Short text fragments from websites
□ □ □ □ □ □ □

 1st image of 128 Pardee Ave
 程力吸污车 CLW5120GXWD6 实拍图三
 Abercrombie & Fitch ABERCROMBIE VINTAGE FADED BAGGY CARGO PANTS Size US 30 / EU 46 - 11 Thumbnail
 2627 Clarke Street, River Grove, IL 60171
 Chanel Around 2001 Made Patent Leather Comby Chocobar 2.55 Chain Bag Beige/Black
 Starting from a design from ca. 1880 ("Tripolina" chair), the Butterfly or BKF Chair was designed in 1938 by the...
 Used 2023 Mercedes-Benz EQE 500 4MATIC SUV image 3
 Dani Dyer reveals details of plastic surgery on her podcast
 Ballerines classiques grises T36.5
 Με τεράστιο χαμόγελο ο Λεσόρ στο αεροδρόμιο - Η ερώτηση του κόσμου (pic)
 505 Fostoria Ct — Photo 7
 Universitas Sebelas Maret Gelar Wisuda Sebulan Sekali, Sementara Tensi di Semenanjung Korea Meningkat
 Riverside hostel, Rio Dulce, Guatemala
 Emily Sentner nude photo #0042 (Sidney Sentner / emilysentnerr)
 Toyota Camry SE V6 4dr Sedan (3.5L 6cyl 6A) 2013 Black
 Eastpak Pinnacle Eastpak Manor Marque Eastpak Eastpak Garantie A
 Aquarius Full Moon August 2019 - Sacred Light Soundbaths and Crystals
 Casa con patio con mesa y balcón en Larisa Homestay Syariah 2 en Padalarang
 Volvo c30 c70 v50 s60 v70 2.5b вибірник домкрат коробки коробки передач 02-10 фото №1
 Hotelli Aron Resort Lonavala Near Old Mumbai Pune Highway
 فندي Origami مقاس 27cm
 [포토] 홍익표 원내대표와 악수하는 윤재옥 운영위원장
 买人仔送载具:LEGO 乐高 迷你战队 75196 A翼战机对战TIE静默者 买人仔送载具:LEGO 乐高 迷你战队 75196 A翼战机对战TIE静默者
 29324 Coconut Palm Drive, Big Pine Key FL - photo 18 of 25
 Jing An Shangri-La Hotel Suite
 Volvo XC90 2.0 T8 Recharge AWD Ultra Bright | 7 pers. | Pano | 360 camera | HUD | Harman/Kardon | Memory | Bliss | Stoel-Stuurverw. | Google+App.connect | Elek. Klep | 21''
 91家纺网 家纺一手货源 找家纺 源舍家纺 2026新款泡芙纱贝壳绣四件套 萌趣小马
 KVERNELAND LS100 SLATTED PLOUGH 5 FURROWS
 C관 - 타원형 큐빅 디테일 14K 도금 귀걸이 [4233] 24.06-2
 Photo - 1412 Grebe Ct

□ □ □ □ □ □ □

- _ASSIGNED TASK_
The answer should be the exact lines running from the line containing "Ballerines classiques grises T36.5" to the last line of the entries, with nothing else.

- _ANSWER BOX_
 Ballerines classiques grises T36.5
 Με τεράστιο χαμόγελο ο Λεσόρ στο αεροδρόμιο - Η ερώτηση του κόσμου (pic)
 505 Fostoria Ct — Photo 7
 Universitas Sebelas Maret Gelar Wisuda Sebulan Sekali, Sementara Tensi di Semenanjung Korea Meningkat
 Riverside hostel, Rio Dulce, Guatemala
 Emily Sentner nude photo #0042 (Sidney Sentner / emilysentnerr)
 Toyota Camry SE V6 4dr Sedan (3.5L 6cyl 6A) 2013 Black
 Eastpak Pinnacle Eastpak Manor Marque Eastpak Eastpak Garantie A
 Aquarius Full Moon August 2019 - Sacred Light Soundbaths and Crystals
 Casa con patio con mesa y balcón en Larisa Homestay Syariah 2 en Padalarang
 Volvo c30 c70 v50 s60 v70 2.5b вибірник домкрат коробки коробки передач 02-10 фото №1
 Hotelli Aron Resort Lonavala Near Old Mumbai Pune Highway
 فندي Origami مقاس 27cm
 [포토] 홍익표 원내대표와 악수하는 윤재옥 운영위원장
 买人仔送载具:LEGO 乐高 迷你战队 75196 A翼战机对战TIE静默者 买人仔送载具:LEGO 乐高 迷你战队 75196 A翼战机对战TIE静默者
 29324 Coconut Palm Drive, Big Pine Key FL - photo 18 of 25
 Jing An Shangri-La Hotel Suite
 Volvo XC90 2.0 T8 Recharge AWD Ultra Bright | 7 pers. | Pano | 360 camera | HUD | Harman/Kardon | Memory | Bliss | Stoel-Stuurverw. | Google+App.connect | Elek. Klep | 21''
 91家纺网 家纺一手货源 找家纺 源舍家纺 2026新款泡芙纱贝壳绣四件套 萌趣小马
 KVERNELAND LS100 SLATTED PLOUGH 5 FURROWS
 C관 - 타원형 큐빅 디테일 14K 도금 귀걸이 [4233] 24.06-2
 Photo - 1412 Grebe Ct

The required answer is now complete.